The Cu-Cl thermochemical cycle is a promising method to generate hydrogen as a clean fuel for human use in the future. The cycle can be coupled to nuclear reactors to supply its heat requirements. The cycle generates hydrogen by splitting water molecules through a series of chemical reactions. Thermal management within the cycle is crucial for improving its thermal efficiency. The cycle has an average theoretical efficiency of around 46% without any heat recovery. The efficiency may increase up to 74%, if all heat associated with the products of the cycle’s steps is recycled internally. The products of the different processes that transfer heat are; oxygen, hydrogen, and molten CuCl. The heat carried by oxygen and hydrogen can be recovered by the use of conventional heat exchangers.
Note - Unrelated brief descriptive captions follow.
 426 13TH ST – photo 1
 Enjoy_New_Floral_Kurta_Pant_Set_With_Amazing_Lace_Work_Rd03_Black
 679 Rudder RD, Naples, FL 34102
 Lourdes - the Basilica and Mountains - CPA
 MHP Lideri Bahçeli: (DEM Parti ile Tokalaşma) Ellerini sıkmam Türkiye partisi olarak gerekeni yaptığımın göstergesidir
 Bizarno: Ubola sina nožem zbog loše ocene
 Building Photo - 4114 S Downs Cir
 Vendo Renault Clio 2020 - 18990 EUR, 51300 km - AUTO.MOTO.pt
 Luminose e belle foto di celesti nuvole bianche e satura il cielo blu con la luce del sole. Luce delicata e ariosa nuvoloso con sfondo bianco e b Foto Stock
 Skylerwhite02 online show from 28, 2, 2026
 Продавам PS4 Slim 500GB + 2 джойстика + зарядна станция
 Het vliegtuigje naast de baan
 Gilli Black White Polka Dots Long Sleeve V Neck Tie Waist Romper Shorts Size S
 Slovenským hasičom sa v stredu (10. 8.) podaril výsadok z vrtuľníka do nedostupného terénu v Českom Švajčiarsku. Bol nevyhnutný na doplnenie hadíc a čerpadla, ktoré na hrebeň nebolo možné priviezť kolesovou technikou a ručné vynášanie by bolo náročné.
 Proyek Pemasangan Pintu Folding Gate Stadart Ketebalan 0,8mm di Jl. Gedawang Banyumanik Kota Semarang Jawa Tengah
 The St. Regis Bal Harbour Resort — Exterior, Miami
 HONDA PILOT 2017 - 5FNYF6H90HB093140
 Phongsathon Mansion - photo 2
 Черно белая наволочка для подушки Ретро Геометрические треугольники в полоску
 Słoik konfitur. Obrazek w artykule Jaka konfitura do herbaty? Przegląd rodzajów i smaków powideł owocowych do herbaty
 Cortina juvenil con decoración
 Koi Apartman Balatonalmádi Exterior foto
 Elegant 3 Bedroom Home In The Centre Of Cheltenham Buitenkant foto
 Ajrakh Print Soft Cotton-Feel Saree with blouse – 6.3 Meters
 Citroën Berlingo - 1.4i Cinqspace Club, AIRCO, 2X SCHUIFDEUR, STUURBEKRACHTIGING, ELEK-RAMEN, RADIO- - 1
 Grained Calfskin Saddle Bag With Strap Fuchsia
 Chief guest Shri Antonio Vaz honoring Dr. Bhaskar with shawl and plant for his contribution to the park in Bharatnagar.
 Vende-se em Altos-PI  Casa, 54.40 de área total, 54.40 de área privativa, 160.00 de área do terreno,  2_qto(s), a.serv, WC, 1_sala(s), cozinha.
However, recovering heat from molten CuCl is very challenging due to the phase transformations that molten CuCl undergoes, as it cools down from liquid to solid states. This thesis presents a new model that predicts the fluid flow and heat transfer in a direct contact heat exchanger, designed to recover the heat from molten CuCl, through the physical interaction between CuCl droplets and air. Numerical results for the variations of temperature, velocity, heat transfer rate, and so forth, are given for two cases of CuCl flow. The predicted dimensions of the heat exchanger were found to be a diameter of 0.13 m, and a height of 0.6 and 0.8 m for 1 and 0.5 mm droplet diameters, respectively. The results obtained provide valuable insights for the equipment design and scale-up of the Cu-Cl cycle.